- Opening Delimiter -
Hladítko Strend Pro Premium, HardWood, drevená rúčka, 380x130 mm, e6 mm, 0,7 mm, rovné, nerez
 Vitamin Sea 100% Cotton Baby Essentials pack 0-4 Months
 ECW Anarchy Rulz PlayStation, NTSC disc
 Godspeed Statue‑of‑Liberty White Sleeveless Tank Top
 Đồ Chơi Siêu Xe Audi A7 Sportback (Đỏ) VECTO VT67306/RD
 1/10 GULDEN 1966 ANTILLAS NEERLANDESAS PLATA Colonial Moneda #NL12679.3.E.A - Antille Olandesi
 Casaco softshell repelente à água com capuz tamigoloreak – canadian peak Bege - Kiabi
- Closing Delimiter -
◆ **TASK ITEM**:
An exact copy of the lines from the one with "Godspeed Statue‑of‑Liberty White" through the last line of the listing is the whole answer.

◆ **OUTPUT FOR THIS TASK**:
 Godspeed Statue‑of‑Liberty White Sleeveless Tank Top
 Đồ Chơi Siêu Xe Audi A7 Sportback (Đỏ) VECTO VT67306/RD
 1/10 GULDEN 1966 ANTILLAS NEERLANDESAS PLATA Colonial Moneda #NL12679.3.E.A - Antille Olandesi
 Casaco softshell repelente à água com capuz tamigoloreak – canadian peak Bege - Kiabi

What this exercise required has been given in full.